Give more quota to small fishing boats after Brexit, Labour says

More fishing quota should be given to smaller boats after Brexit, Labour has urged.

The party said it was bringing forward amendments to the fisheries bill, which will govern the sector after the UK leaves the EU, which would reallocate quotas for fish catches along social and environmental lines to benefit small boats.

Labour said that in government it would set out a fair plan for the future allocation of new and existing quota, by giving more fishing opportunities to small boats, based on social and environmental criteria.

Its shadow environment department (Defra) team is consulting on how to boost employment opportunities in ports and processing, and on encouraging environmentally-sustainable fishing.

Small boats provide the bulk of jobs in the catching sector and contribute to coastal towns around the country, but have just 6% of the total British quota, with much of the rights to fish owned by a handful of firms, Labour said.

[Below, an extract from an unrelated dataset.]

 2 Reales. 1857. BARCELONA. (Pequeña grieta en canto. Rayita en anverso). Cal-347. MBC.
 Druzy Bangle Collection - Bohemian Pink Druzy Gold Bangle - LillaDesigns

Luke Pollard, shadow fisheries minister, said: “By ignoring the needs of smaller fishing fleets, this Government is betraying British fishing.

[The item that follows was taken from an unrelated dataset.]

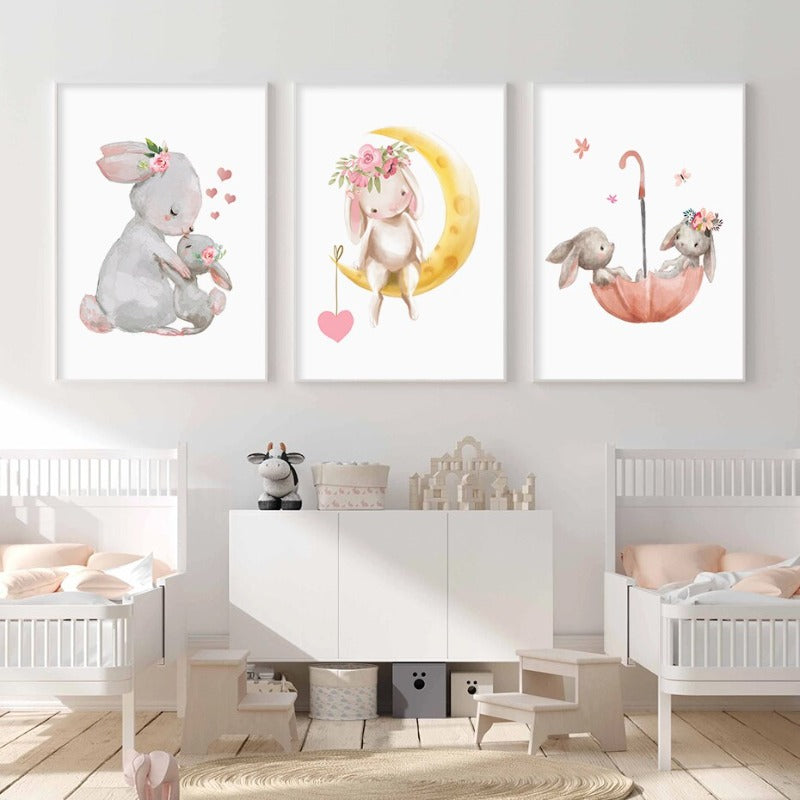 Mama og baby-kanin søt - lerret veggkunst trykk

“Michael Gove could take action to redistribute fishing quota now if he wanted to, but he is failing by not delivering quota reallocation in the Fisheries Bill.

“Labour is setting out our vision for Britain to have the most sustainable fisheries in the world.

“That means a greater focus on ensuring fish stocks are healthy, that there is proper enforcement and a fairer distribution of fishing quota.

He added: “Labour will ensure that fishing quota isn’t monopolised by the few.”

Rebecca Newsom, head of politics at Greenpeace UK, said: “This is the first serious, concrete and achievable commitment to reform the UK’s fishing industry we have seen from any political party since the EU referendum.

“Labour’s commitment to reallocate existing fishing quota – not just any new quota following an exit agreement – is a huge step in acknowledging that the current system is broken and sticking plasters won’t work.

“This approach would give due weight to social, economic and environmental criteria in the distribution of fishing quota and would see huge gains for coastal communities and our environment.”